# MATERIAL SUPPLIED
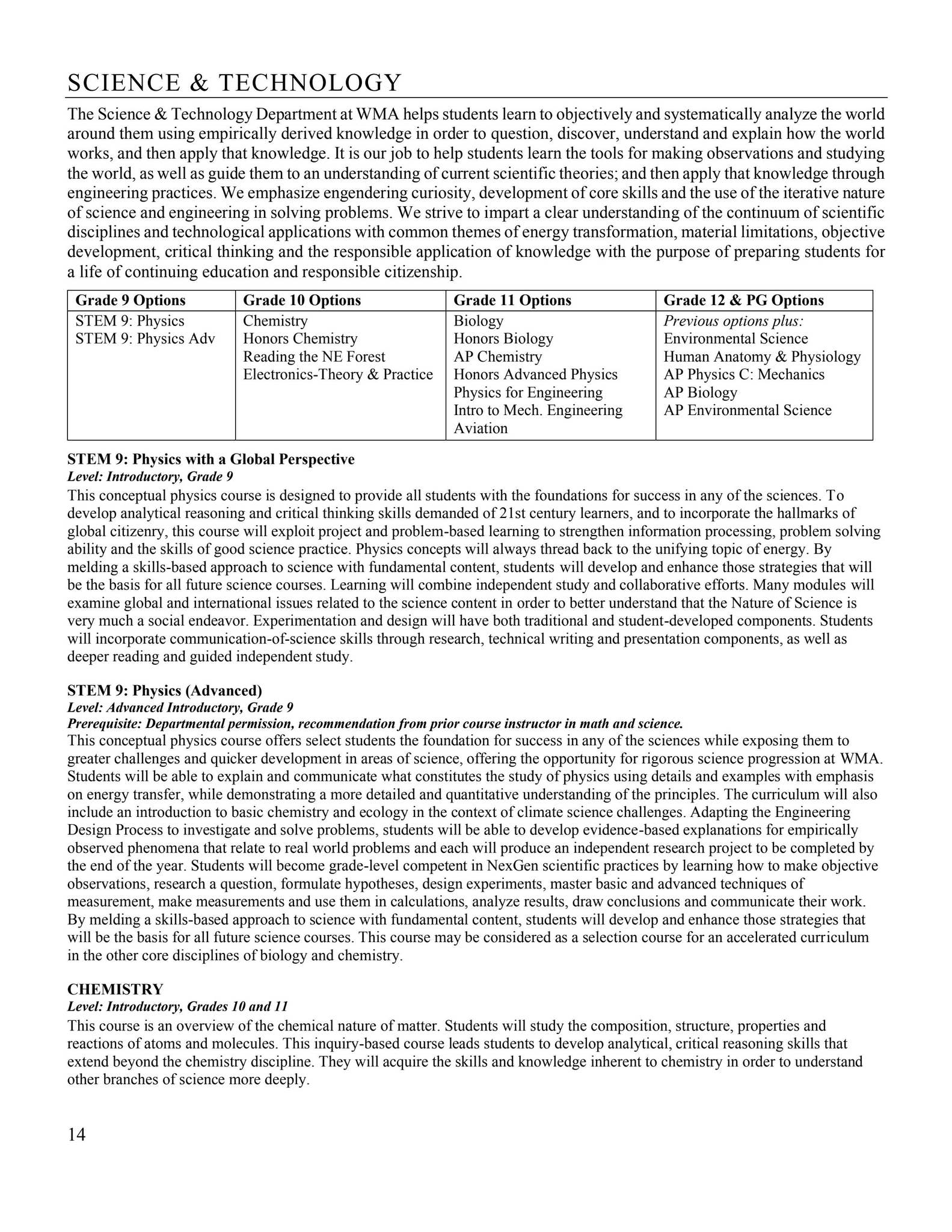 Course of Studies 2024-2025 by Wilbraham & Monson Academy - Issuu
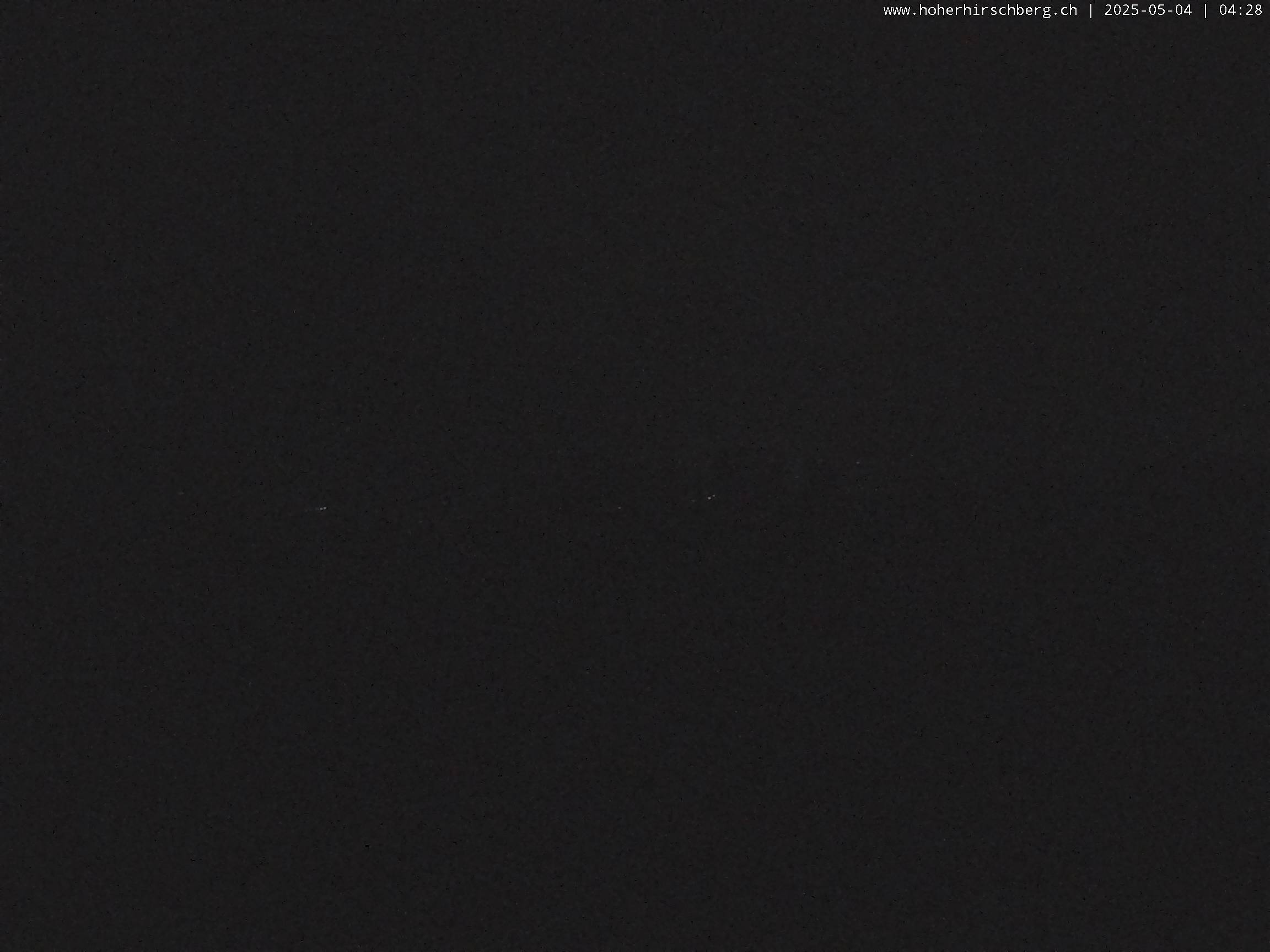 3h ago - 04:28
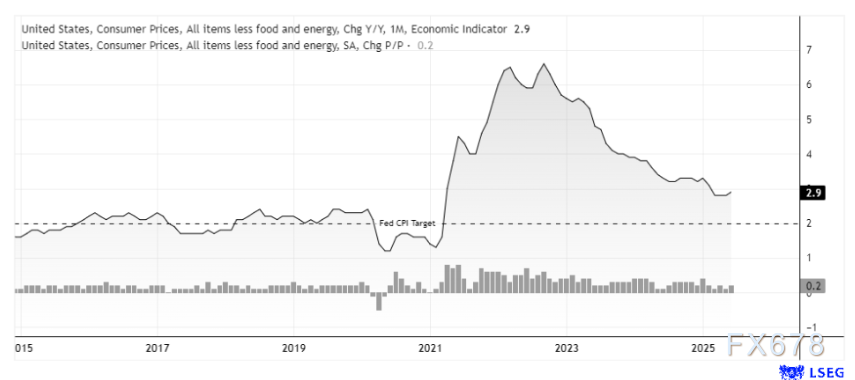 澳洲联储决议与美CPI数据将如何影响澳元走势(图3)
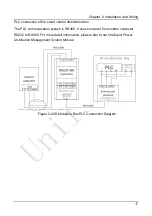 Preview for 27 page of Unilumin Upanel 0.9S Product Manual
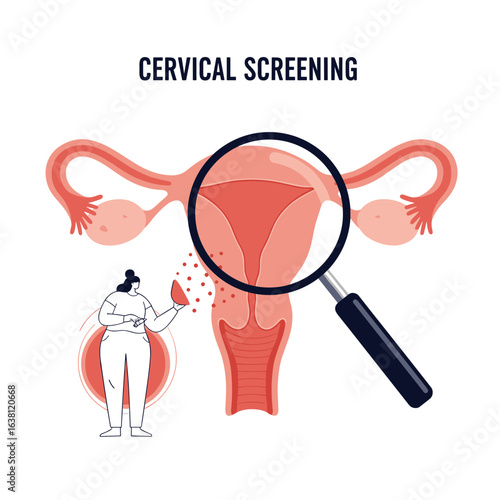 Understanding the importance of regular cervical cancer screening for women's health awareness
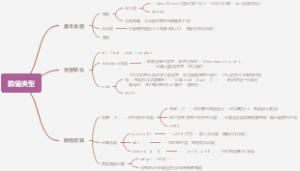 数值类型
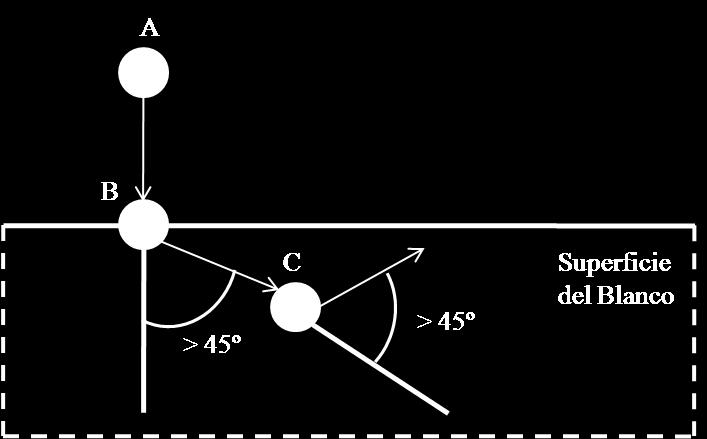 a) b) Figura 2.4.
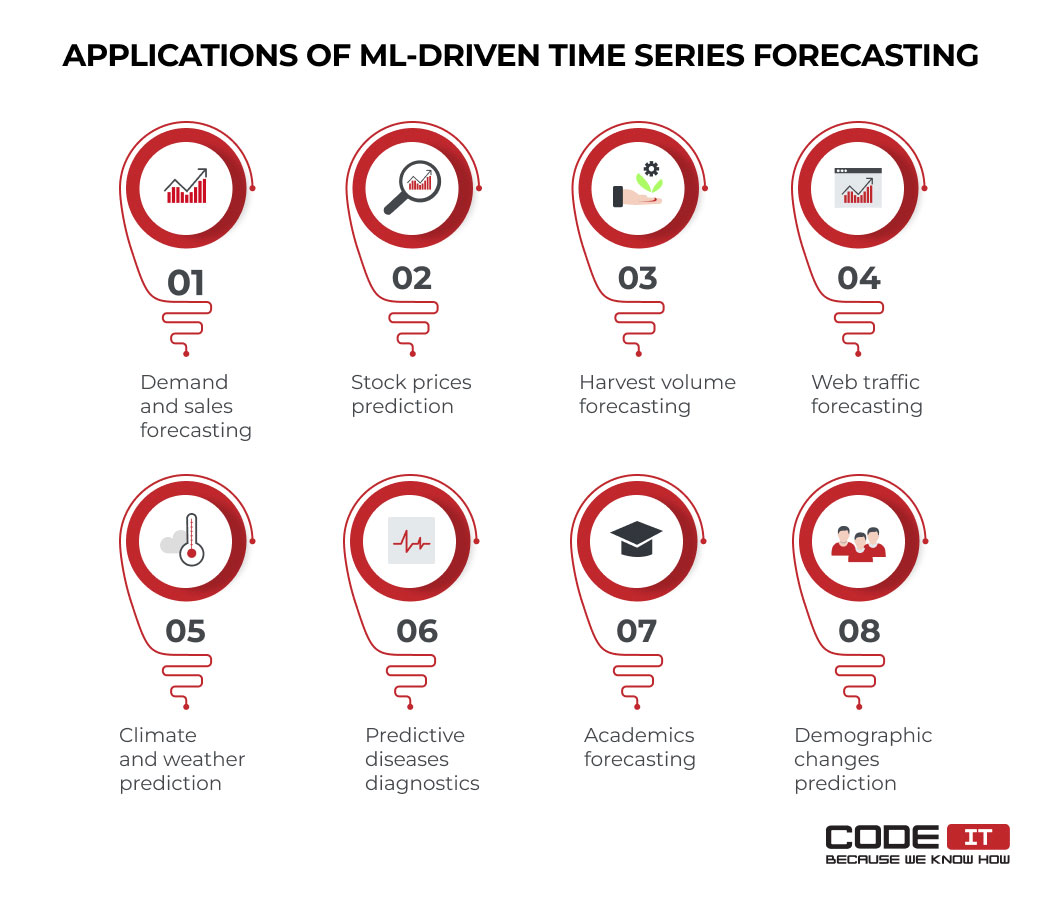 Machine learning algorithms for time 2024 series forecasting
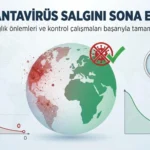 DSÖ: Hantavirüs Salgını Sona Erdi!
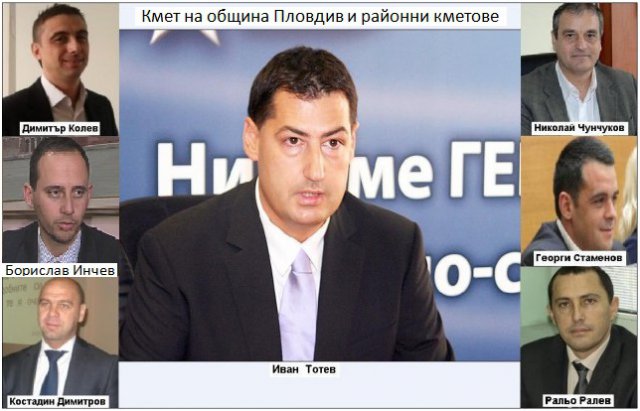 Кметове на райони в Пловдив при 100 % преброяване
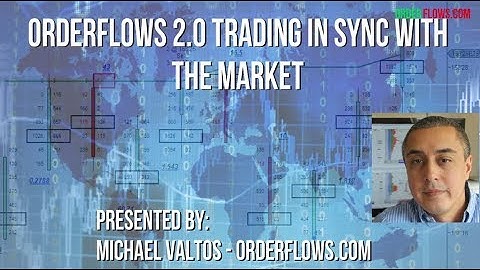 Orderflows 2 0 Trading In Sync With The Market Webinar June 7 2018 Investor Inspiration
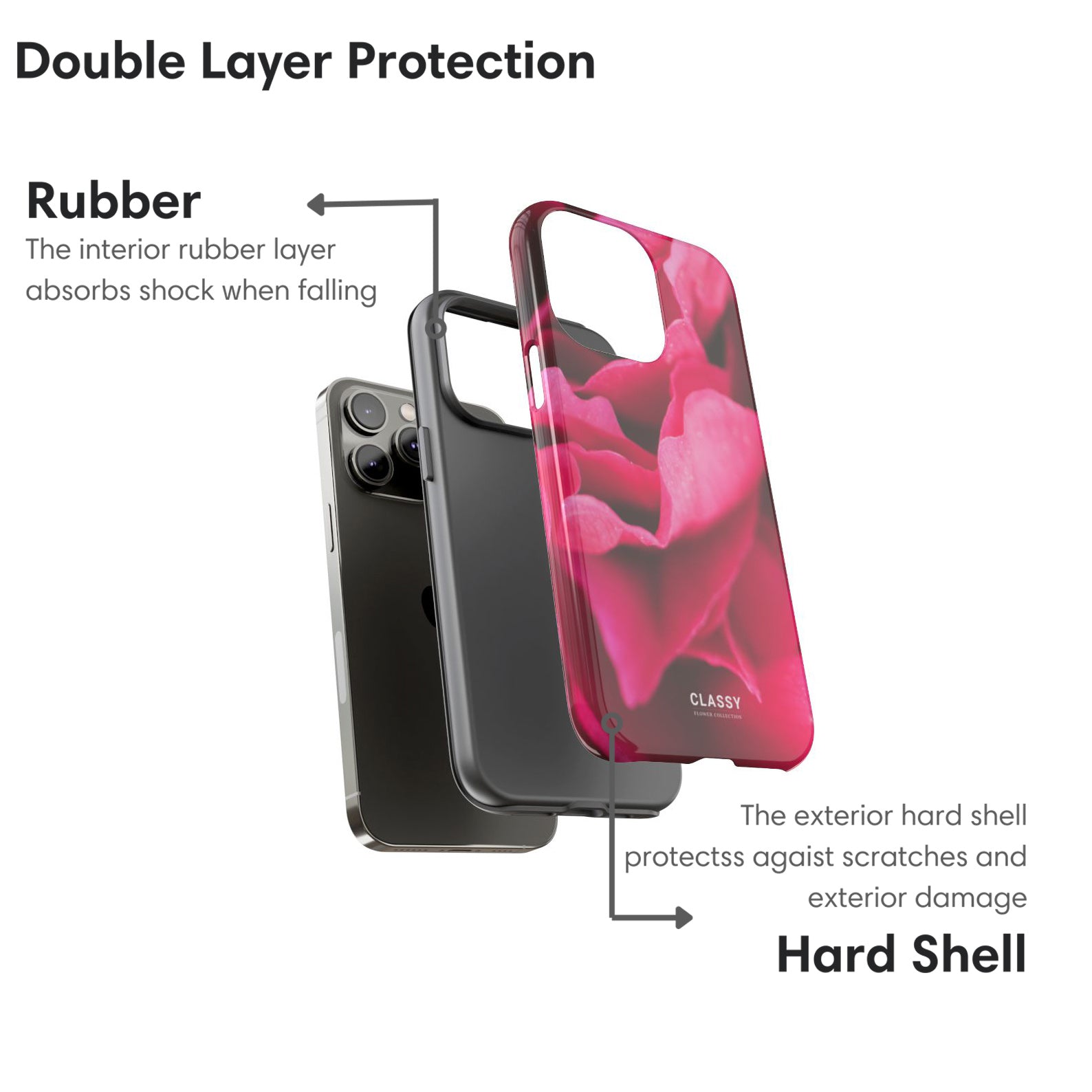 Rose Pink Flower Tough Case layers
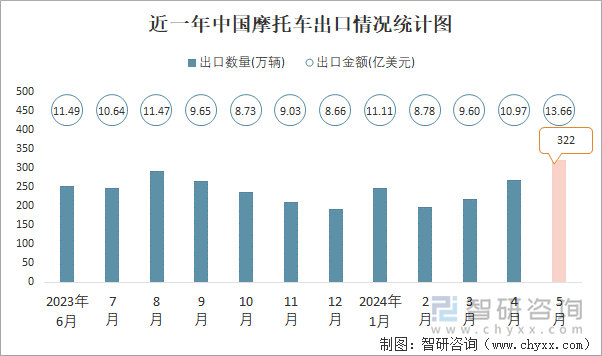 近一年中国摩托车出口情况统计图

# TASK TO COMPLETE
Repeat the line containing "DSÖ: Hantavirüs Salgını Sona Erdi!" and every line after it up to the end of the material above, exactly as they stand, minus the pictures.

# ANSWER SPACE
 DSÖ: Hantavirüs Salgını Sona Erdi!
 Кметове на райони в Пловдив при 100 % преброяване
 Orderflows 2 0 Trading In Sync With The Market Webinar June 7 2018 Investor Inspiration
 Rose Pink Flower Tough Case layers
 近一年中国摩托车出口情况统计图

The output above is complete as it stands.